Un fatto curioso riscontrato nelle persone di città è più una rimozione che un mito: non esistono sentieri. Da un punto all’altro ci si sposta seguendo l’asfalto, nel peggiore dei casi esiste una strada sterrata. Tra una striscia di asfalto e l’altra non c’è niente di percorribile. In realtà, dato che la maggior parte si sposta in macchina, questo è del tutto comprensibile: per riprendere le parole di Wu Ming 2, quando ci si muove in macchina si è chiusi dentro una scatola. Non solo non esiste niente di percorribile aldilà della striscia di asfalto su cui rotolano gli pneumatici: è la quasi totalità della realtà esterna a non esistere.
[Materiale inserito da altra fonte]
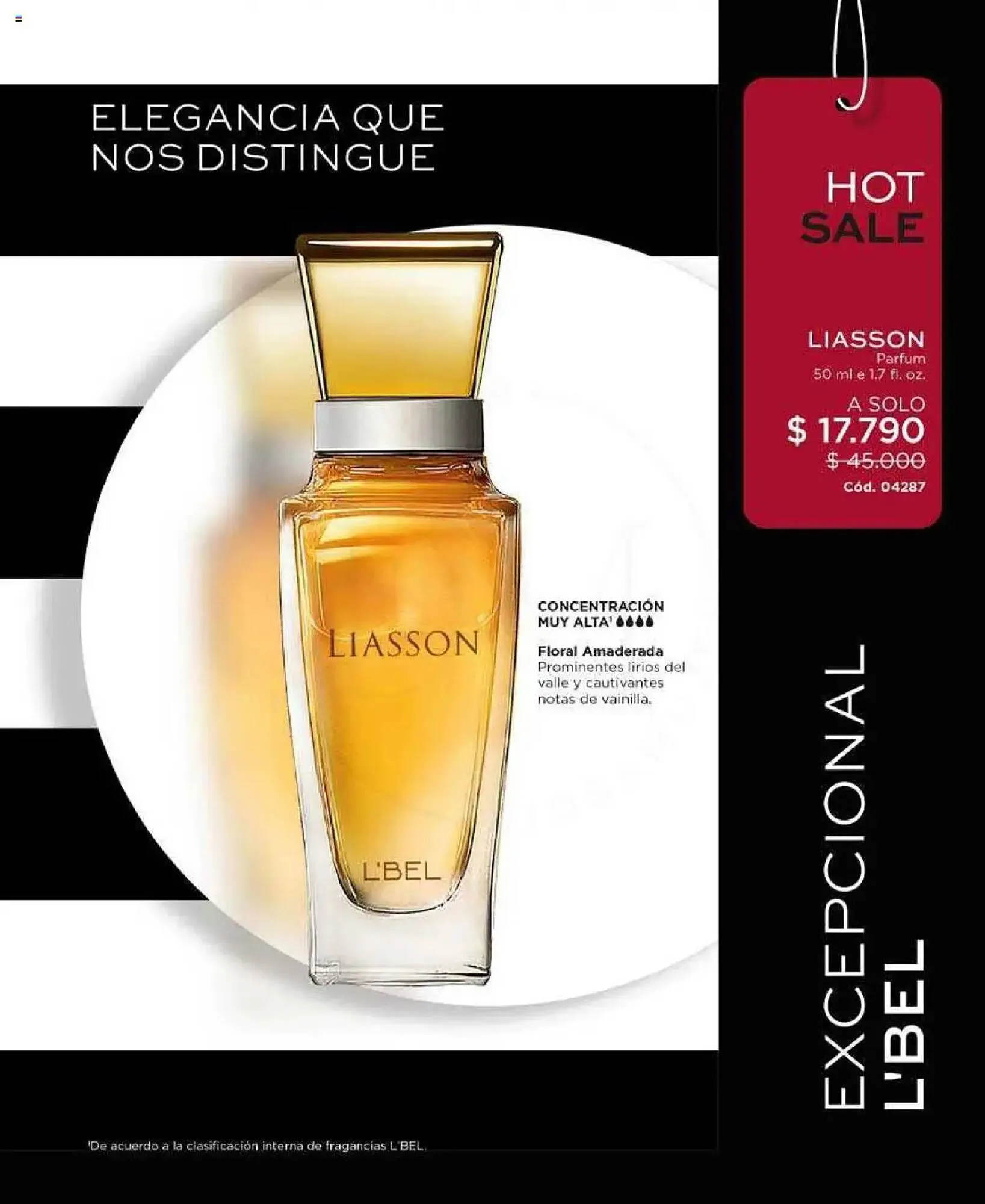 Catálogo de Catálogo L'Bel 1 de mayo al 15 de mayo 2025 - Página 100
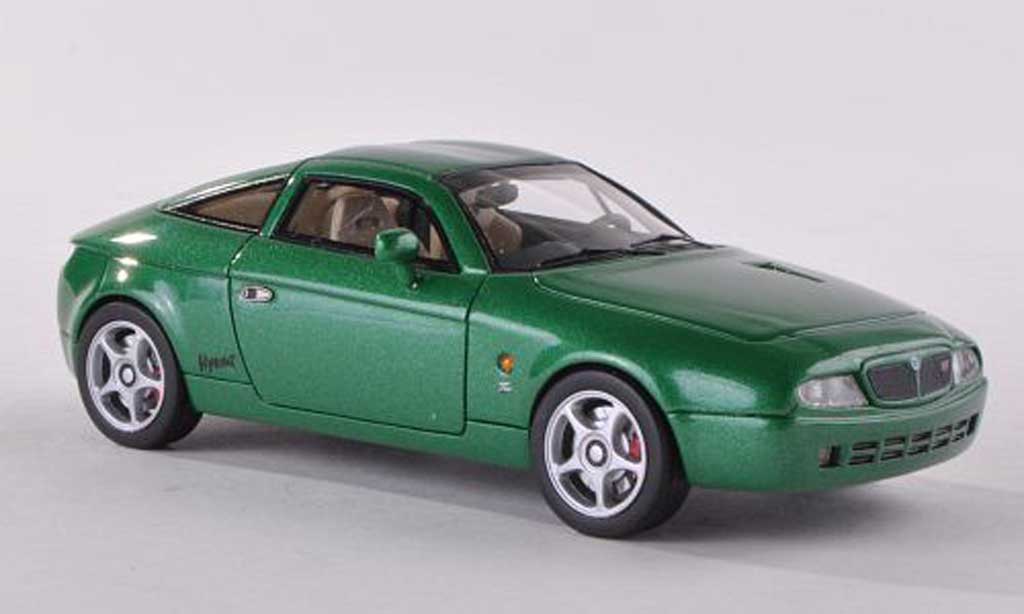 Lancia Hyena Zagato 1/43 Neo groen 1992 modelauto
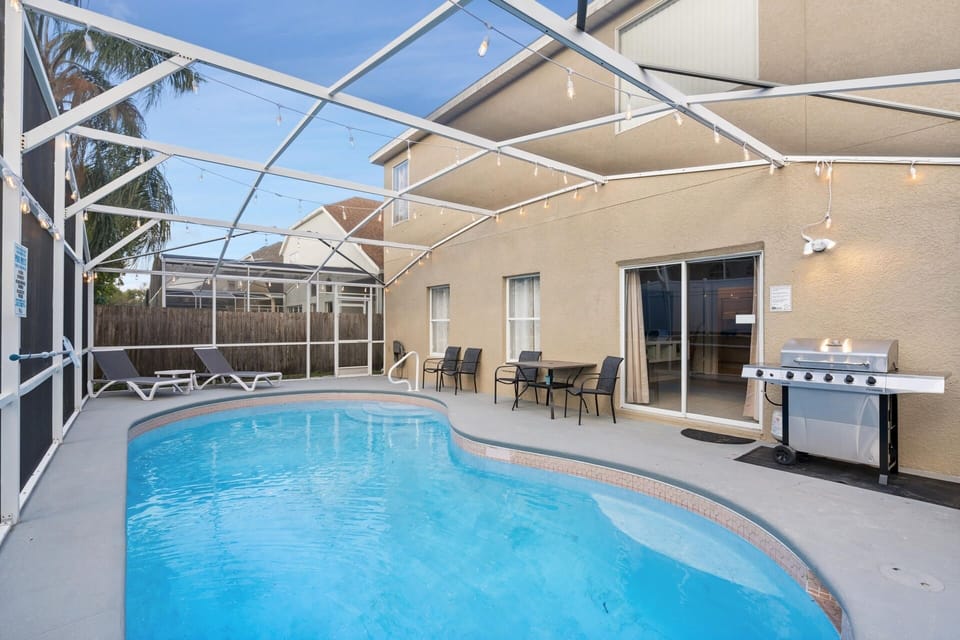 House, 6 Bedrooms | Pool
Il mezzo di trasporto influenza profondamente il modo di percepire la realtà circostante. In macchina, se si dispone di aria condizionata funzionante, addirittura la temperatura esterna diventa irrilevante. A piedi, si impara ad apprezzare piccole cose che diversamente sarebbe stato difficile immaginare di apprezzare a tal punto: l’ombra di un albero, un minuscolo corso d’acqua, una brezza rinfrescante, un albero di fichi sul ciglio del sentiero. In una giornata di cammino sotto il sole intenso lungo un percorso scarsamente ombreggiato, siamo stati per almeno mezz’ora a discutere della possibilità che una nuvola si avvicinasse e nascondesse la fonte del nostro momentaneo patimento termico, naso all’insù guardando il cielo e parlando della forma della nuvola che avrebbe dovuto salvare la nostra pelle sudata, della direzione del vento, dei movimenti e le mutazioni del bianco e dell’azzurro. Quando l’agognata nuvola ha esaudito i nostri desideri. Cambiano gli argomenti di discussione, cambiano le proporzioni del tempo loro dedicato, cambia la percezione della realtà. Chi vuole fare una passeggiata domenicale, spera di trovare una giornata di sole. Chi cammina per una settimana, spera di trovare il sole coperto che magari farebbe rinunciare alla passeggiata domenicale perché “c’è brutto tempo”.

La lentezza del cammino permette di accorgersi di dettagli inesistenti per chi si sposta più rapidamente. Quello che per un conducente di macchina è un generico “paesaggio umbro”, il camminatore lo analizza, in senso etimologico, lo spezzetta, passo dopo passo, avverte le piccole differenze tra un sentiero e l’altro, tra un versante di una collina e l’altro. Ci si accorge subito delle altrimenti impercettibili differenze di microclima tra una valle e quella successiva, perché da una valle all’altra variano i tempi di maturazione dei frutti, con grande gioia del camminatore. Se poco prima gli alberi di fico e le more erano immature o del tutto assenti, svoltata quella curva che si arrampica sul costone sopraelevato apre ad una vallata in cui mele e pere lasciano il posto a fichi e more in abbondanza, come se il tempo accelerasse di un mese.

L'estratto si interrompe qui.